Wednesday, September 5, 2012

Q & A on Supplements: Ask Away!

by Dr. Margaret Aranda

We are so pleased to bring Dr. Heidi McNulty in as a Power Girl for you!
She is President and Medical Director of Pure Bulk, which can be found at:  Pure Bulk Website.

Ask Away!


  1. Hello Dr. Aranda and now Dr. McNulty (excited to learn from you!),

    What supplements would you recommend to help improve one's concentration, focus, and cognitive function?

    Thank you for your input!

    Best Regards,


  2. Fondest Hellos, Hillary (nice to see you here),

    I'll tackle the medical aspect first, then Dr. McNulty will delve into the Supplements. Before committing to a Supplement, it is important to determine the "differential diagnosis".

    (Medical Disclaimer: Not intended as medical advice for any one patient. Please see your personal doctor to gain an individual plan and treatment.)

    For significant cognitive issues, an examination by a Neurologist could be indicated. Also, a Neuropsychological Assessment may be carried out to pinpoint deficits. This serves as a baseline value in time, as well as a characterization of issues besides memory. A fine grasp of the scope of this Assessment can be viewed here:

    Blood tests may include the B Vitamins, folate, a CBC, thryoid function tests, LH, FSH, estradiol, testosterone, growth hormone, and more. If a woman is hypothyroid or has other endocrine problems, these should be corrected.

    The National Institutes of Health has Clinical Trials to study The Effects of Aging and Estrogen on Cortical Function in Menopausal women. One such study can be found here:

    Seems like a lot of evaluation is indicated? You bet.
    Seems like the NIH is searching for answers? Indeed.

    We think you are worth it.

  3. Hillary, Thank you for asking! This is something that almost everyone is interested in!

    Diifferent supplements may be indicated for a given individual’s unique needs. However, there is something that is beneficial across a wide variety of conditions: Omega-3 Fatty Acids.

    Omega-3 Fatty Acids are essential fatty acids meaning they cannot be made by the body.
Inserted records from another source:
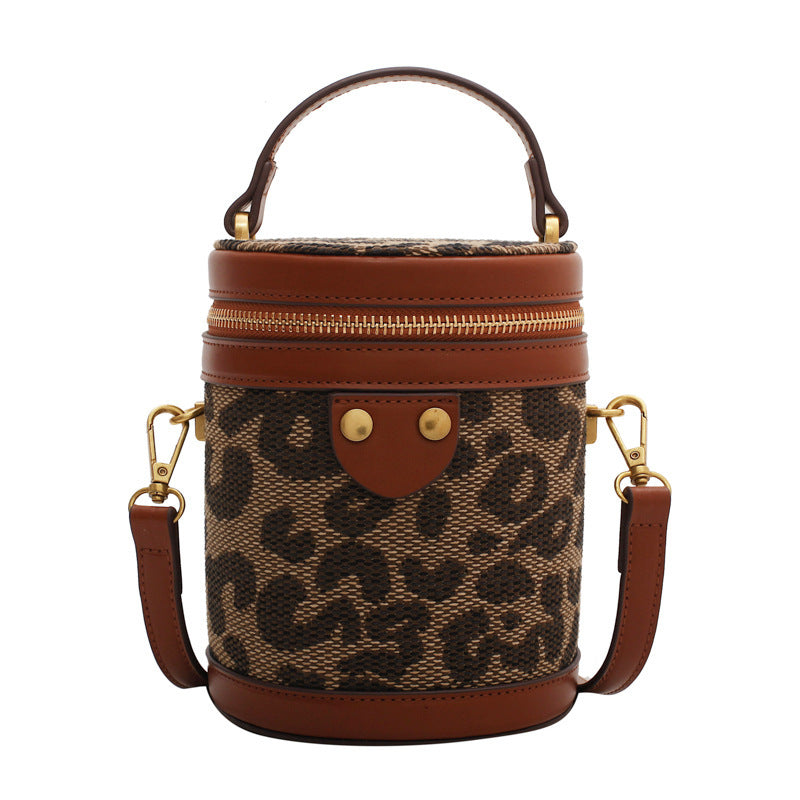Ladies Winter Rivet Fashion Leopard Print Handbag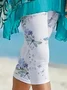 Women Dragonfly Capris Elastic Waist Pants Casual Summer Trousers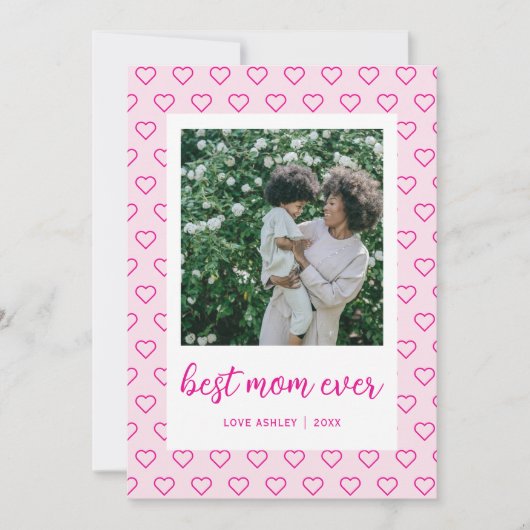 Beste moeder ooit Schattige Pink Hearts Foto Moede Kaart (Voorkant)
Docosahexaenoic acid (DHA) and eicosapentanoic acid (EPA) are so critical for brain development that they are now added to infant formula. In adults DHA and EPA may help to protect against the cognitive effects of aging.

    Fish oil is the most abundantly available source of EPA and DHA. Commonly recommended servings sizes for DHA and EPA are 400 mg and 250 mg respectively. This is a good starting amount for most, although some people may need significantly more.
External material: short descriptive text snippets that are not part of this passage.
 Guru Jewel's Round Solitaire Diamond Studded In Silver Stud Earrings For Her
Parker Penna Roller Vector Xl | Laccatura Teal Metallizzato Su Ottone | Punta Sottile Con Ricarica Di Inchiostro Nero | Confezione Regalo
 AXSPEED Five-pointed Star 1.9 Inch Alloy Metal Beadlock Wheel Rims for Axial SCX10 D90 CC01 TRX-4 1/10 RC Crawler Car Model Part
    Mazereeuw G, Lanctôt KL, Chau SA, Swardfager W, Herrmann N (2012). "Effects of omega-3 fatty acids on cognitive performance: a meta-analysis.". Neurobiol Aging 33 (7): e17-29. PMID 22305186

    *You must discuss supplementing with fish oil with your doctor if you have any bleeding tendency or if you are on blood thinners.

  4. Thank you so much, Dr. Aranda and Dr. McNulty. I really appreciate your advice and feedback. I will implement these tips into my health regimen and let you know the results! Thank you both for your commitment to this site - it's so great to see women helping women stay healthy and empowered!

    Highest Regards,


  5. Please be sure to check with your doctor first, ok? We want to make sure your doctor is tuned in to this issue for your benefit, too.